Cette rue étroite et pavée accueille donc, côte à côte, les germes de deux révolutions, l’une politique et l’autre artistique.

«Zurich nous plaît tellement, écrit Lénine à sa mère. Le lac est magnifique.» Le révolutionnaire se promène souvent sur les rives en compagnie de sa femme.

Le cadre de la Spiegelgasse n’est en revanche pas aussi idyllique. «Il y a dans la cour une horrible odeur qui provient d’une fabrique de saucisses, écrira Nadia dans ses mémoires. Nous ne pouvons ouvrir les fenêtres que durant la nuit.»

Le départ pour Zurich

Mais le vrai motif du déménagement à Zurich est politique. Lénine rêve d’une révolution armée, également possible en Suisse.

Lénine continue de tenter de créer autour de lui un groupe de fidèles capables de défendre sa pensée. Il se montre toutefois prudent et cherche à éviter de se faire trop remarquer par les autorités qui pourraient l’expulser du pays.

Les socialistes zurichois, parmi lesquels Fritz Platten et Willi Münzenberg, sont plus radicaux et plus décidés que leurs collègues bernois. Et donc, espère Lénine, plus réceptifs à ses idées.

Le futur père de la révolution russe devient donc membre du Parti socialiste zurichois et participe assidûment à ses réunions. «Il arrivait tôt et s’asseyait toujours au premier rang, écrira le socialiste Beat Nobs en 1954. Il faisait partie des auditeurs les plus attentifs, mais n’a jamais pris la parole.»

Dans l’ombre, Lénine continue cependant à faire du prosélytisme. «Il était content comme un enfant quand on lui disait qu’il avait réussi à convaincre sept jeunes prolétaires à entrer dans son organisation», écrit son compagnon Georg Zinoviev.

Mais rien n’y fait et, en 1917, Lénine donne de premiers signes de résignation. «La gauche me fuit, que ce soit à Berne ou à Zurich», souligne-t-il dans quelques lettres.

Retour triomphal en Russie

Mais bientôt, l’intérêt de Lénine pour les «petits» événements suisses disparaît. En mars 1917, il apprend en effet qu’une nouvelle révolution a éclaté en Russie.

Avec l’aide de leaders de la gauche suisse, il obtient la permission de traverser l’Allemagne en train pour rentrer à Saint-Pétersbourg (la future Leningrad!). Il quitte définitivement la Suisse le 9 avril 1917.
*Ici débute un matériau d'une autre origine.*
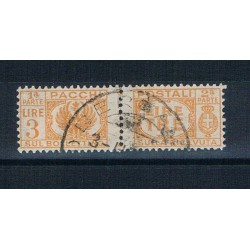 1946 Luogotenenza 3 Lire Pacchi Postali Sas.62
La suite, on la connaît. Six mois plus tard, c’est le triomphe de la Révolution d’octobre et l’entrée de Lénine dans l’histoire mondiale.

De nombreux historiens estiment que si les thèses léninistes qui ont séduit la Russie avaient pris racine également en Suisse, la grève générale de 1918 se serait transformée en une prise armée du pouvoir par le prolétariat helvétique.
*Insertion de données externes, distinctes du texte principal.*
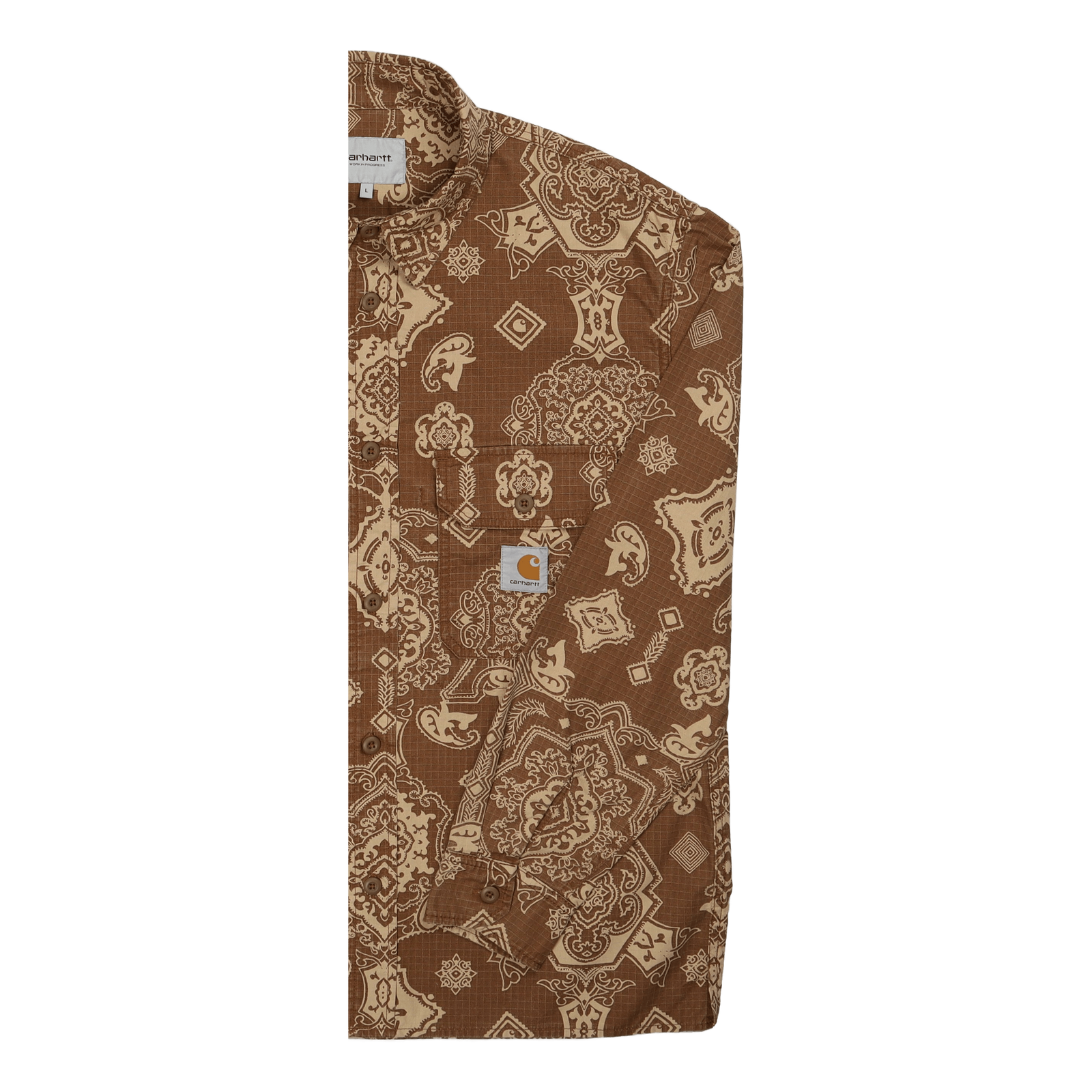 L/s Verse Shirt Verse Print, Hamilton Brown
Et aujourd’hui, on parlerait aussi d’une Révolution de novembre suisse. Mais ce n’est que de la science-fiction…

swissinfo, Marzio Pescia
(traduction: Olivier Pauchard)

Lénine a passé au total 6 ans et demi en Suisse.
A Genève (1903-1905 et 1908), à Berne (1914-1915) et à Zurich (1916-1917).
Il a définitivement quitté le territoire de la Confédération le 9 avril 1917.
Gravement malade du cœur, il meurt en Russie le 21 janvier 1924 à l’âge de 54 ans.